Top Dead Center According To Bruce Lancaster

Top Dead Center According To Bruce Lancaster

So I’ve heard the mark on a Flathead crank pulley coordinates with top dead center. I’ve also heard at times that it coordinates with 2-degrees before top dead center and yet other times I’ve heard it coordinates with four degrees before top dead center. I’m fine tuning the timing on the new motor in the ’39 and became curious as to the truth of the matter. I didn’t want to bug Keith yet again, so I figured I would ask someone else that I know… Someone else that seemingly knows EVERYTHING about everything – Bruce Lancaster.

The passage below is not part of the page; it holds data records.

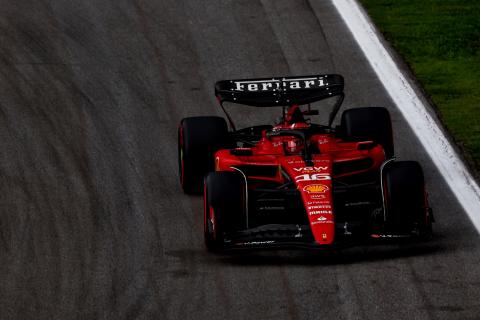 Leclerc admits “something missing” as Ferrari's race pace struggles continue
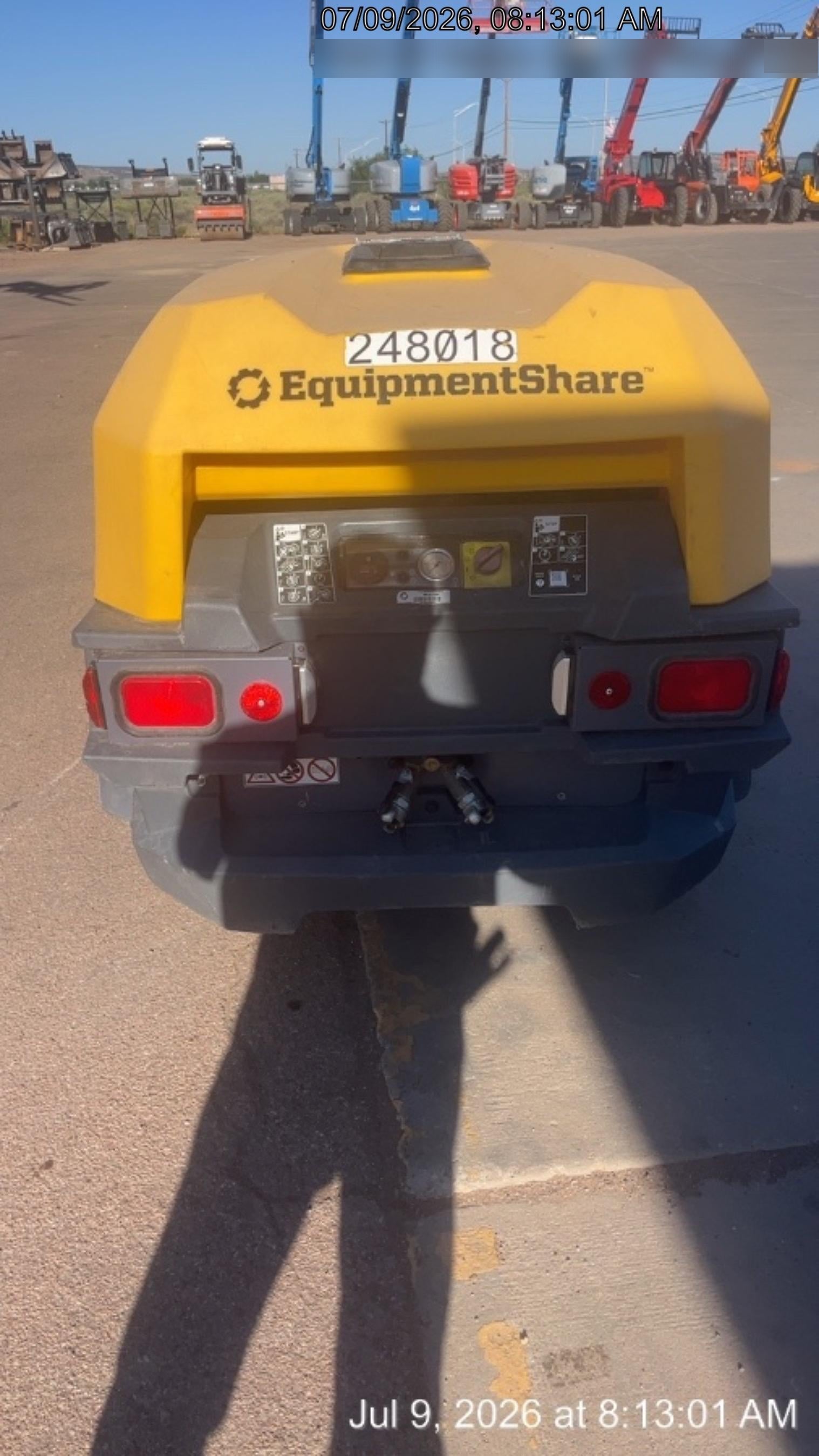 2022 ATLAS COPCO XAS 110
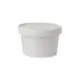 ΣΚΕΥΟΣ ΣΤΡΟΓΓΥΛΟ ΛΕΥΚΟ GLOSS ΓΙΑ ΣΟΥΠΑ 12oz (350ml)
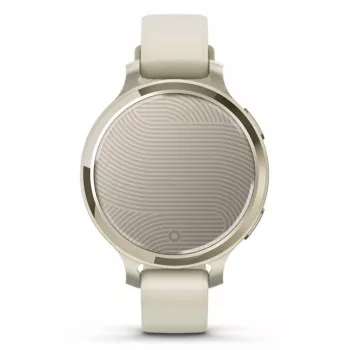 Garmin Lily 2 Active 38 mm Digital 240 x 201 pikseli Ekran dotykowy Beżowy GPS (satelitarny)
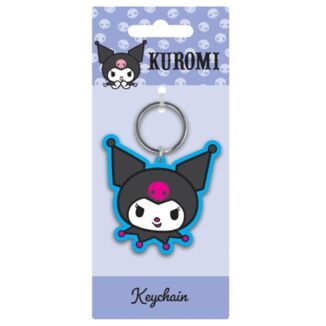 Llavero Cara Kuromi Sanrio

His response was so wonderful I figured I had better do my job and share it with the world.


Mark on ’49-up is at 2 degrees crank… If you have an early pulley with notch, it is homemade and needs to be verified. Original mark SHOULD be checked, as not particularly accurate, and engines generally actually like a bit more – like around 4 as the starting point.

Find/verify TDC:

Heads OFF: Bolt a strap across #1, bolt through center to stop piston a ways down the hole. Rotate one way, mark pulley at stopping point, rotate other way, mark. Very accurate TDC is 1/2 way between – mark it.

Heads ON: Slide a large tie-wrap or any sort of lump on a wire through plug hole and against farthest point where it hits the wall. Have apprentice holditthere. Rotate as above… Bump, bump, divide. Repeat a couple times to be sure it is repeatable and your stop isn’t moving. Have apprentice flogged if inaccurate.

Once you have TDC nailed…

Go mug an eighth grader leaving his plane geometry class. Steal his protractor and compass, discard the rest.

Draw a circle on a piece of cardboard matching OD of your pulley. Draw a larger circle around it from same center.
Put protractor on center, draw lines at whatever interval you want – 5 degrees is adequate for estimation, can be as many degree points as you want. Mark off about 30 degrees.

Cut out inner circle, hold your new device over pulley with beginning line at your TDC, mark off rest of degrees. Can be permanent file or chisel marks, or just mark a swath with liquid paper and pencil in the lines.

You now have accurate TDC and permanent or easily re-doable scale for full range checking with a simple timing light.